What can you do from the regulations tree view?
Browse product codes and regulation numbers, read the identification text and special controls, browse sibling product codes, open device PDFs on the right, and search by product code or regulation number at the top of the tree.
8. Chart view
Click Show Chart and segment by regulation number (or product code) to see which regulations dominate your result set. Clicking a regulation takes you into the regulations tree. Great for spotting that most matches are, say, hardware laparoscopic devices — a cue to go back and filter.
How do you see which regulations dominate a search result set?
Click "Show Chart" and segment by Regulation Number. Clicking a regulation takes you to the regulations tree.
9. The predicate graph
Open the Predicates tab for a family-tree view of predicate relationships. Click a node to trace its parents and children; selections from search carry over pre-selected. Commonly predicated devices are worth reading — a lot of people predicated them for a reason. The visual lineage is also handy on client calls, e.g. to show how a predicate family evolved and justify why your predicate still holds.
In the predicate graph, why are commonly predicated devices worth reading?

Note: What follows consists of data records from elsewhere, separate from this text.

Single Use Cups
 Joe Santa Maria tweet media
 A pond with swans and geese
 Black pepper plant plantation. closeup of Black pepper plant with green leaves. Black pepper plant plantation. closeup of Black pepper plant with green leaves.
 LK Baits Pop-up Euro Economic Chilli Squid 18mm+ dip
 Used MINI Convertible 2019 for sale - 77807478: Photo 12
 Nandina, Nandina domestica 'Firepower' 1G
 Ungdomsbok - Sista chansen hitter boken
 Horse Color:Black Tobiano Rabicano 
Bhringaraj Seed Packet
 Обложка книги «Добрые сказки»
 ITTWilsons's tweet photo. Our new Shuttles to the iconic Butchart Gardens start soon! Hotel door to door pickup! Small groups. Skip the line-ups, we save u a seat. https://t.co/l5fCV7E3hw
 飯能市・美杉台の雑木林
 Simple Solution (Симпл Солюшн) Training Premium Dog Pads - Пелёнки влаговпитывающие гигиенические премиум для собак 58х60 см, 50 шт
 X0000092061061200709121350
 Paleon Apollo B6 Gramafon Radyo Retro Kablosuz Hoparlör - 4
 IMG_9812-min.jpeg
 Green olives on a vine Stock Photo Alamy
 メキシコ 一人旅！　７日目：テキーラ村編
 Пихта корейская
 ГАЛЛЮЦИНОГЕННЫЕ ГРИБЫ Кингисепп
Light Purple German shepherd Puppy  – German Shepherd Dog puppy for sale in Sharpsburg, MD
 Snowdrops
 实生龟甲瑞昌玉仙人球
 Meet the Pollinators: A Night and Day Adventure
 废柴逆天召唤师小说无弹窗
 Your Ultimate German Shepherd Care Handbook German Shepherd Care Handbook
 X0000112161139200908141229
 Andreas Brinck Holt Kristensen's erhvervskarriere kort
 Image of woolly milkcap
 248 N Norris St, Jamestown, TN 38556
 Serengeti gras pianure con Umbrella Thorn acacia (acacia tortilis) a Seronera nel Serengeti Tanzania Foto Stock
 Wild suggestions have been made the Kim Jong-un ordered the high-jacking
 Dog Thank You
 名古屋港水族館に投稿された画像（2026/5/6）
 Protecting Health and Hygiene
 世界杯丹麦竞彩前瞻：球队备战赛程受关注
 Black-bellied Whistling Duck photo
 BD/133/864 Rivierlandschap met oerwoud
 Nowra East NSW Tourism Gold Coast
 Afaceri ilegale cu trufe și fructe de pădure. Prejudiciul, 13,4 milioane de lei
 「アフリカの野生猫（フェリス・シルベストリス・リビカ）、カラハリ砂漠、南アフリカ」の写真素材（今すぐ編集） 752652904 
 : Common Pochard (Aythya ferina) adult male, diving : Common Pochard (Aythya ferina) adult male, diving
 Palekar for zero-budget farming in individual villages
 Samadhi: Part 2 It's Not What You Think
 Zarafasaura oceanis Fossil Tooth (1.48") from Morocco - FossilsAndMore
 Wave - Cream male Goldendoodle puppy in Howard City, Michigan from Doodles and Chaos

A lot of people predicated them for a reason. Clicking a node traces parents and children, and selections from search carry over pre-selected.
10. Embeddings: the galaxy map
The Embeddings tab plots every matching document in a 2-D "galaxy map" where semantically similar devices cluster together. Hover or click clusters to explore, and let AI label the clusters for you. Embeddings beat product codes for grouping: two devices can carry different product codes (LLZ vs. QIH) yet do the same thing — the embedding captures the meaning of the intended use and device story. This is also exactly how retrieval-augmented generation (RAG) works under the hood, and it makes a great visual on client calls.
Try it yourself
Head to the search page and work through a few of these AI/ML fuzzy searches to build intuition: perivascular fat on CT · aortic valve calcification opportunistic screening on noncontrast CT · breast cancer prediction on digital pathology slides · autism detection · gestational age prediction · a hearing aid that can also detect a pulse · foundation model based analysis of ECG · large language models · penetration test. Watch how the relevance scores, intended use, and AI Performance tables tell you when results stop being meaningful.